Mais do que uma queda generalizada da procura por talento, observa‑se uma alteração dos padrões de recrutamento: as organizações procuram, de forma seletiva, competências que permitam transformar negócios, acelerar produtividade e sustentar crescimento a longo prazo.
Dados do ManpowerGroup indicam que a literacia em IA é hoje uma das competências mais difíceis de recrutar para 35% dos empregadores nacionais, e 30% encontram dificuldades em recrutar perfis para desenvolvimento de modelos e aplicações de IA.
O crescimento organizacional continua a liderar contratações (44% dos recrutamentos), embora com uma redução de oito pontos percentuais face ao trimestre anterior.
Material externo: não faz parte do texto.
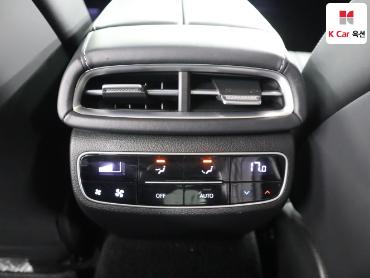 2022 - genesis g80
Em simultâneo, aumentou substancialmente a contratação para projetos específicos ou iniciativas temporárias (de 19% para 39%), que passa a ser o segundo motivo de recrutamento.
A referência direta à tecnologia como fator de contratação abrandou (de 38% para 11%), mas a procura por novas competências para manter a competitividade (33%) e por funções emergentes resultantes da transformação das competências (28%) mantém‑se elevada.
Entre as empresas que preveem redução de colaboradores, a automação é o principal motivo (45%), seguida da otimização de processos/consolidação de funções (36%) e do término de projetos e desafios geopolíticos (27%).
No trimestre anterior, a automação também figurava entre os principais motores de redução (50%), confirmando uma reconfiguração das necessidades de talento mais do que um corte generalizado.
"Mais do que uma redução generalizada da procura por talento, estamos a assistir a uma alteração dos padrões de contratação", afirma Nuno Ferro, Brand Leader da Experis, que acrescenta que "muitas organizações continuam a integrar novo talento de forma seletiva, procurando competências que as ajudem a transformar os seus negócios, acelerar a produtividade e preparar o crescimento a longo prazo".
De acordo com o mesmo responsável, "esta tendência reflete-se também nos dados do Global Talent Shortage do ManpowerGroup, que mostram que a literacia em IA é atualmente uma das competências mais difíceis de recrutar para 35% dos empregadores nacionais, enquanto 30% apontam dificuldades na contratação de profissionais para o desenvolvimento de modelos e aplicações de IA”, conclui.
A nível global, o setor de Tecnologia & Serviços de IT apresenta uma projeção de criação líquida de emprego de +35%, continuando entre os com perspetivas de contratação mais sólidas, embora com um abrandamento de sete pontos percentuais face ao trimestre anterior.
Metade dos empregadores do setor global espera aumentar contratações, 15% prevêem reduções e 33% manterão os níveis atuais. O estudo entrevistou empregadores em 42 países e territórios. O próximo relatório será divulgado em setembro de 2026.